Task statement — Starting at the line that has "Pokemon sonic shadow and silver" and stopping after the line that has "Espada de tamaño", reproduce the listing below exactly; omit everything else.

Supplied material —
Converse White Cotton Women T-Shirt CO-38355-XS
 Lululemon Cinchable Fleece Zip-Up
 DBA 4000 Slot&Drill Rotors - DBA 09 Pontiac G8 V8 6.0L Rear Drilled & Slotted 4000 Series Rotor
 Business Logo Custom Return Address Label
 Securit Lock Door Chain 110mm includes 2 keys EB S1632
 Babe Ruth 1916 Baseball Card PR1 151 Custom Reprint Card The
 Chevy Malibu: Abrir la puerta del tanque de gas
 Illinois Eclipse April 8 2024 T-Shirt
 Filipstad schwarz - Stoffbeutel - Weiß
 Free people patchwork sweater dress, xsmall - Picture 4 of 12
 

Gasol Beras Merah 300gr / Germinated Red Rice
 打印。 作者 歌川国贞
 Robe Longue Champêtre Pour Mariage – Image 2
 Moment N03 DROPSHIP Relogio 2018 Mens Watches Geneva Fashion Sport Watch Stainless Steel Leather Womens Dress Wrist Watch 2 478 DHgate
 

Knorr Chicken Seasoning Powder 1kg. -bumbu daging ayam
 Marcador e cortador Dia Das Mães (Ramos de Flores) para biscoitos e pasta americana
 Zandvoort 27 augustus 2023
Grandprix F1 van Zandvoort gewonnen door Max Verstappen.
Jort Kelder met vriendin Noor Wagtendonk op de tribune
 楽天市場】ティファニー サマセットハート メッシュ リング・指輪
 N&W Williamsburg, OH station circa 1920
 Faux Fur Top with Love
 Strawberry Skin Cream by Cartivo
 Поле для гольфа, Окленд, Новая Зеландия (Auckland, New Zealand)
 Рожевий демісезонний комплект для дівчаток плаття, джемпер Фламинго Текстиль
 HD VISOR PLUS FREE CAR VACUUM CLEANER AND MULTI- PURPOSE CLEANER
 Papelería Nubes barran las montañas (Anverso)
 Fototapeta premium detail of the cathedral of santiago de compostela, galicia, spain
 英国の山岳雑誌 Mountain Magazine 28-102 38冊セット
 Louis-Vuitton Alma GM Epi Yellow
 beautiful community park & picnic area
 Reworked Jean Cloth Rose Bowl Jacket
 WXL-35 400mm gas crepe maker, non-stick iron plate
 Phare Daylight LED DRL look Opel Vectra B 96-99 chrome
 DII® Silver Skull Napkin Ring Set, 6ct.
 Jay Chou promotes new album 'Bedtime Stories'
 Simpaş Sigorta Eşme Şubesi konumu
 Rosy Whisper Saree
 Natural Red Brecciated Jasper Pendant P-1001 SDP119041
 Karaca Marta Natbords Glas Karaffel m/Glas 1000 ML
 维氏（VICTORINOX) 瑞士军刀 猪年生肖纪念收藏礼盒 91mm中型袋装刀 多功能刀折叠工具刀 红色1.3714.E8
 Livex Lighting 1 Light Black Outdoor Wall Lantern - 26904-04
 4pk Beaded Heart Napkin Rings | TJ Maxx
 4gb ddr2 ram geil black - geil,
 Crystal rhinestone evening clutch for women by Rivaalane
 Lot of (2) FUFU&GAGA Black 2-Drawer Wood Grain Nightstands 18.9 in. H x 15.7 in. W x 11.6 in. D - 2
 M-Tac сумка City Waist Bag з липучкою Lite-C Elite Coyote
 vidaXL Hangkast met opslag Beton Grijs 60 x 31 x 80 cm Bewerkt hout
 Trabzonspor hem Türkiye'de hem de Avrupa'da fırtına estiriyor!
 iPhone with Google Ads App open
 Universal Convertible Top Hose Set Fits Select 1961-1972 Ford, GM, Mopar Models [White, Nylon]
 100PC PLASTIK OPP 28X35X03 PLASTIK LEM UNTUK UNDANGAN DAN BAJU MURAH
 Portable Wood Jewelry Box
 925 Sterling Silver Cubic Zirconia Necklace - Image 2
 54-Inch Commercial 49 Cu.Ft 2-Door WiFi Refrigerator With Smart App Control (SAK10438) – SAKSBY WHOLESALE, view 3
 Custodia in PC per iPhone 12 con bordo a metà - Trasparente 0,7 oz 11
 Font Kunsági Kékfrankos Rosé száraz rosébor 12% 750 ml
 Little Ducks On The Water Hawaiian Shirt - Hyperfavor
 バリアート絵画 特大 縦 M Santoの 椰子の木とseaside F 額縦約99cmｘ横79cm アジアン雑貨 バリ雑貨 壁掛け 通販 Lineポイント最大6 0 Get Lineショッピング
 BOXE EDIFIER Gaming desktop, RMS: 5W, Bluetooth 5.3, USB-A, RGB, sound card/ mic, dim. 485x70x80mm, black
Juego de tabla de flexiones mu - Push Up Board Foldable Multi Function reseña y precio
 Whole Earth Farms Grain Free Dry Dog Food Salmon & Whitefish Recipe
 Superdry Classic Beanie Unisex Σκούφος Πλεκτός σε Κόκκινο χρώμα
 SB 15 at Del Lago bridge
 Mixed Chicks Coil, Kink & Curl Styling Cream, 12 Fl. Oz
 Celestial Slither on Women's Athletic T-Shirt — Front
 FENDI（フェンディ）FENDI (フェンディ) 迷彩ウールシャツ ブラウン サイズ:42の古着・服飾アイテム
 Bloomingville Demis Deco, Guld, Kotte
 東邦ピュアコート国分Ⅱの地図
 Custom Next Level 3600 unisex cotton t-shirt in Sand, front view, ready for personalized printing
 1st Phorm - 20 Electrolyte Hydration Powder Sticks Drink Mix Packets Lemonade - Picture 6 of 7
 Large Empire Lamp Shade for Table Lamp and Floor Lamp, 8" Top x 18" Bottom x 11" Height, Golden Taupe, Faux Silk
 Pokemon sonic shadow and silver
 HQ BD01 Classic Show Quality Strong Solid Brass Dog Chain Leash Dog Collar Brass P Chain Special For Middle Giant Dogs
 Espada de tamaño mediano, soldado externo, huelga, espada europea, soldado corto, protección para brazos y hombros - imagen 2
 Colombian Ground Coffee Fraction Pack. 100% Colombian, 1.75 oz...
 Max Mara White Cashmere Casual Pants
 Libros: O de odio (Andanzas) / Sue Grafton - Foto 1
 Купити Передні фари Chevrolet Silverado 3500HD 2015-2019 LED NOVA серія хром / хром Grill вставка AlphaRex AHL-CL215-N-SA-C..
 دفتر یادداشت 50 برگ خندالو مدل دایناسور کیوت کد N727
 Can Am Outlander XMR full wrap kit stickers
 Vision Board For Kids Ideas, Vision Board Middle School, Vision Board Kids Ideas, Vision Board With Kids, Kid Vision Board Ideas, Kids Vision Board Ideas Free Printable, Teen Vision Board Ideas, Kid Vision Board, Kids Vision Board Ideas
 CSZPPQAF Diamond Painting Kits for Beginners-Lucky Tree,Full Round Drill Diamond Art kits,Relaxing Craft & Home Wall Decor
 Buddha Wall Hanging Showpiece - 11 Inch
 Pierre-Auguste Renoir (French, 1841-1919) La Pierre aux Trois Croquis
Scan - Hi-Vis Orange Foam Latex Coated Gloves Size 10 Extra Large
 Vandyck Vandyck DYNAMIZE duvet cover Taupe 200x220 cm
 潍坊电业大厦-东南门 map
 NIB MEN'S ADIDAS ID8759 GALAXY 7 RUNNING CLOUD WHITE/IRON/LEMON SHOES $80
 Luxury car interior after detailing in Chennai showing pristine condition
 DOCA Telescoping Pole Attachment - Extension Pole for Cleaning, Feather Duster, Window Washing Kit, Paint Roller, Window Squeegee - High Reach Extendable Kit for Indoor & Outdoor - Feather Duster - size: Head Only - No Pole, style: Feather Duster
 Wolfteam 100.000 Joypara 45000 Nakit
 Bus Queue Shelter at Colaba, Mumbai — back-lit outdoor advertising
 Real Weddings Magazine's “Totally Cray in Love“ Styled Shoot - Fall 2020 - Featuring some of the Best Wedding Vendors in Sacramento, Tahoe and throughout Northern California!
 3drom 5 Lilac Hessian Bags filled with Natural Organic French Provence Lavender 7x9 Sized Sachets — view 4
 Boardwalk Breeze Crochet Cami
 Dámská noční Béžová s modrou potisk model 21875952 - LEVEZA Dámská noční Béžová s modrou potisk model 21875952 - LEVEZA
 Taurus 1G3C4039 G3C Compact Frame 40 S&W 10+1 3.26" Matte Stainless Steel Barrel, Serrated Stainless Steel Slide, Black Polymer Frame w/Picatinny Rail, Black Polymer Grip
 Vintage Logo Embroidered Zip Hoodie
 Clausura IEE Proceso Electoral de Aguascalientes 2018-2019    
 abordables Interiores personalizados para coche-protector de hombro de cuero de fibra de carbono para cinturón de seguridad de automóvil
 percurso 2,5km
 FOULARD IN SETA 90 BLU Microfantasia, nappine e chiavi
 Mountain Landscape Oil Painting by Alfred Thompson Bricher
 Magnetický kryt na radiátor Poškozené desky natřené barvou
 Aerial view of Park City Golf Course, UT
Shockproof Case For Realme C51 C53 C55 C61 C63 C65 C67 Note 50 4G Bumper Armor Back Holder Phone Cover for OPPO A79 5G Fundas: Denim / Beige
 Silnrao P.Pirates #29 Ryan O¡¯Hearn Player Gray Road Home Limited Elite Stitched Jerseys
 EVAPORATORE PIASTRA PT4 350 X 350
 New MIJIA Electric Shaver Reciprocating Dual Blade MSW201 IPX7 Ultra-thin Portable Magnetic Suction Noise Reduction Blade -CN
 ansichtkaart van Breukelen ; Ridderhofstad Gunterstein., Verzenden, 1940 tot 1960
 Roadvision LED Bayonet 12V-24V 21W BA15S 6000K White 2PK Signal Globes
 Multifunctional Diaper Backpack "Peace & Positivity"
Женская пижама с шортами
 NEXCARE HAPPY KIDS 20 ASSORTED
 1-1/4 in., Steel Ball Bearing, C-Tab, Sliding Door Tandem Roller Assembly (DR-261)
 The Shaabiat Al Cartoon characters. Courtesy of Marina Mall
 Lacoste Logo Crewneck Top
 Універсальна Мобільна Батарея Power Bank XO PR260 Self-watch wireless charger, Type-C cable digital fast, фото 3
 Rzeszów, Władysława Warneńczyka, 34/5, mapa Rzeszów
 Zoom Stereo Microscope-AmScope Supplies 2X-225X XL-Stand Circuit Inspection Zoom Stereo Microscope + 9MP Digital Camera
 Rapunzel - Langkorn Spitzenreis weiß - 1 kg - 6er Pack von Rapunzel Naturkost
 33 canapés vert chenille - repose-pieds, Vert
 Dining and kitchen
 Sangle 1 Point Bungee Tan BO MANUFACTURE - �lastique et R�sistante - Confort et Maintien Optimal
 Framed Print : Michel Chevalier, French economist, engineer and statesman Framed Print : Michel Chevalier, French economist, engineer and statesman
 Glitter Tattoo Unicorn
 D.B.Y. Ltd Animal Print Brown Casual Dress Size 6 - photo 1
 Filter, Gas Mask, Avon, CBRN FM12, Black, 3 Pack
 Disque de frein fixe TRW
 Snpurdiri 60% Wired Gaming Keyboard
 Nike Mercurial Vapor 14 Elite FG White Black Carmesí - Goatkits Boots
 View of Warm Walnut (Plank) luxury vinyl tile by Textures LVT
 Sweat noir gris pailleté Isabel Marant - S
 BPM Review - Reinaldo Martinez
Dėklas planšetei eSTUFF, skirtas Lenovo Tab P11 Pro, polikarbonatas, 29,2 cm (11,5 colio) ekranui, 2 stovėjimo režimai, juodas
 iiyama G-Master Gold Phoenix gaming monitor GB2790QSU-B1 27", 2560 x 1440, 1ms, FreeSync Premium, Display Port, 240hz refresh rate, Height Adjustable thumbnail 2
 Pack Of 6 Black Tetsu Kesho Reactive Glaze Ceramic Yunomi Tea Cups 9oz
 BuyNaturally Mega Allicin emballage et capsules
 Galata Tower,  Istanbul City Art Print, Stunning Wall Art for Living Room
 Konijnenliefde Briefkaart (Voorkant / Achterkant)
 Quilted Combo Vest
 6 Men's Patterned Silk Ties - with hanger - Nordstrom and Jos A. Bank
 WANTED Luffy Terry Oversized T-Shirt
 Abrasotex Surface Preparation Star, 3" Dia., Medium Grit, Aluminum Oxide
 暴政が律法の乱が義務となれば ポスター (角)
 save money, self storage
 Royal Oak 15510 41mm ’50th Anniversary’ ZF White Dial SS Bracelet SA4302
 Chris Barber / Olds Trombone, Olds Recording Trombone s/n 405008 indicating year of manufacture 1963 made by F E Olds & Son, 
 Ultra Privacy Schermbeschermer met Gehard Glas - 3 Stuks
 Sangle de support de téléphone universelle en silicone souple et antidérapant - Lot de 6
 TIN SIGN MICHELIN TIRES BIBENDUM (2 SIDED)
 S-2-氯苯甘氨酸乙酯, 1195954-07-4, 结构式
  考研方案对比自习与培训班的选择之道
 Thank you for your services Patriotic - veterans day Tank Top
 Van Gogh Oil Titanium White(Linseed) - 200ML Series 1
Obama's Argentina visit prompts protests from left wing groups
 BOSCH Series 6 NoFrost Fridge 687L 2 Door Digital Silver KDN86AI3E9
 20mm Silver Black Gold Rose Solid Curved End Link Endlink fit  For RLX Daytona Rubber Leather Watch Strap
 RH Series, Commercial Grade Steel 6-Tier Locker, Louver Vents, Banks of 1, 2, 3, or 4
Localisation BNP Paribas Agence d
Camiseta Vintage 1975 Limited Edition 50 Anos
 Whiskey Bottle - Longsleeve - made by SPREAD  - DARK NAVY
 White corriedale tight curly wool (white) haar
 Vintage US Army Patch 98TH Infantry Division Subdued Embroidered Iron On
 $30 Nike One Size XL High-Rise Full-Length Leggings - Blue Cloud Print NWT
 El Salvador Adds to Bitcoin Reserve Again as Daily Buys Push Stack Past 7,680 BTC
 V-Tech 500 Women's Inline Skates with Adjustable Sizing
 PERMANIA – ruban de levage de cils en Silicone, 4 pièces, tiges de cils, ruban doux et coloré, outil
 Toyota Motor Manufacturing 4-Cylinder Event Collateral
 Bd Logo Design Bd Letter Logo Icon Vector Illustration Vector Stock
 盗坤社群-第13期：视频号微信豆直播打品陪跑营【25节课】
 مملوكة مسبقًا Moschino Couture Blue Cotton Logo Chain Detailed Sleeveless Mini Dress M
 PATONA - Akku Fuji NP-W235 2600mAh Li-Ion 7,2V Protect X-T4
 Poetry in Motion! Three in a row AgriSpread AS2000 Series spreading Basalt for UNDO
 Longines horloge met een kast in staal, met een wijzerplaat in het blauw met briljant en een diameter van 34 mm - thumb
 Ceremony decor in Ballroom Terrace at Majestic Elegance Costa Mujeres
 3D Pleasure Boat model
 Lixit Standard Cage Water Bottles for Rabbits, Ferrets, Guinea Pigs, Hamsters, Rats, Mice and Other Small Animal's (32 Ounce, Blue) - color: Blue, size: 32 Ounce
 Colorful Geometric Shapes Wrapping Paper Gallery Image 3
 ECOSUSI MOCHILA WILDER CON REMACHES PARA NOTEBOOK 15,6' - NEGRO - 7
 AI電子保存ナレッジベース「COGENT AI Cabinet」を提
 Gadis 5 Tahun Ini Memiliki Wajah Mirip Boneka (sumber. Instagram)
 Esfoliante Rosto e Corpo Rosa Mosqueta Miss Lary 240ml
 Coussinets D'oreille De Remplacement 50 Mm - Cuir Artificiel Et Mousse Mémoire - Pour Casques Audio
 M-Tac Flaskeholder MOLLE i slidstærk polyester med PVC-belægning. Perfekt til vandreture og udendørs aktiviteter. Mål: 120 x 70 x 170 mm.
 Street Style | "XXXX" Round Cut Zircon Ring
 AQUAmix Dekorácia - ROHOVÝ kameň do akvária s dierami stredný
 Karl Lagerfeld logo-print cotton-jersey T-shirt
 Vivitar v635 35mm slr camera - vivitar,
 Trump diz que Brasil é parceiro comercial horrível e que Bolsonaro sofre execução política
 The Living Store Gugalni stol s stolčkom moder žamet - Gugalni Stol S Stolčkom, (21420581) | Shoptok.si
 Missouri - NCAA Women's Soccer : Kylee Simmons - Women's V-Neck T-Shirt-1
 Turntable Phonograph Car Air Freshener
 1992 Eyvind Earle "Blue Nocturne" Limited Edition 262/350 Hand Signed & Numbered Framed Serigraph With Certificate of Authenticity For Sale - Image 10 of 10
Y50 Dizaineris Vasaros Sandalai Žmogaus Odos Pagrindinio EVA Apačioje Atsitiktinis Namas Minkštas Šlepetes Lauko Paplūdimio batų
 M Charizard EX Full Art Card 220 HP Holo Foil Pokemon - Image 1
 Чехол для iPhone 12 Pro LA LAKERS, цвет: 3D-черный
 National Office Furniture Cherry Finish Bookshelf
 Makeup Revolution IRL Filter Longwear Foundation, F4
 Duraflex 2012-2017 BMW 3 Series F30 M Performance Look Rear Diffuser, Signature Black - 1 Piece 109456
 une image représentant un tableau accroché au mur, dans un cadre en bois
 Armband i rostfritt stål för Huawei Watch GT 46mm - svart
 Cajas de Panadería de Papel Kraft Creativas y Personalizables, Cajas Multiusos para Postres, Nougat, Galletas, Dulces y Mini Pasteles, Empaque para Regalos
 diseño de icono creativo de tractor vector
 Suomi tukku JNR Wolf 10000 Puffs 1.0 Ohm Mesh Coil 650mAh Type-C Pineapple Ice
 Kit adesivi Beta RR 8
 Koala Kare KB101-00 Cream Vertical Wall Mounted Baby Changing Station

Written solution —
 Pokemon sonic shadow and silver
 HQ BD01 Classic Show Quality Strong Solid Brass Dog Chain Leash Dog Collar Brass P Chain Special For Middle Giant Dogs
 Espada de tamaño mediano, soldado externo, huelga, espada europea, soldado corto, protección para brazos y hombros - imagen 2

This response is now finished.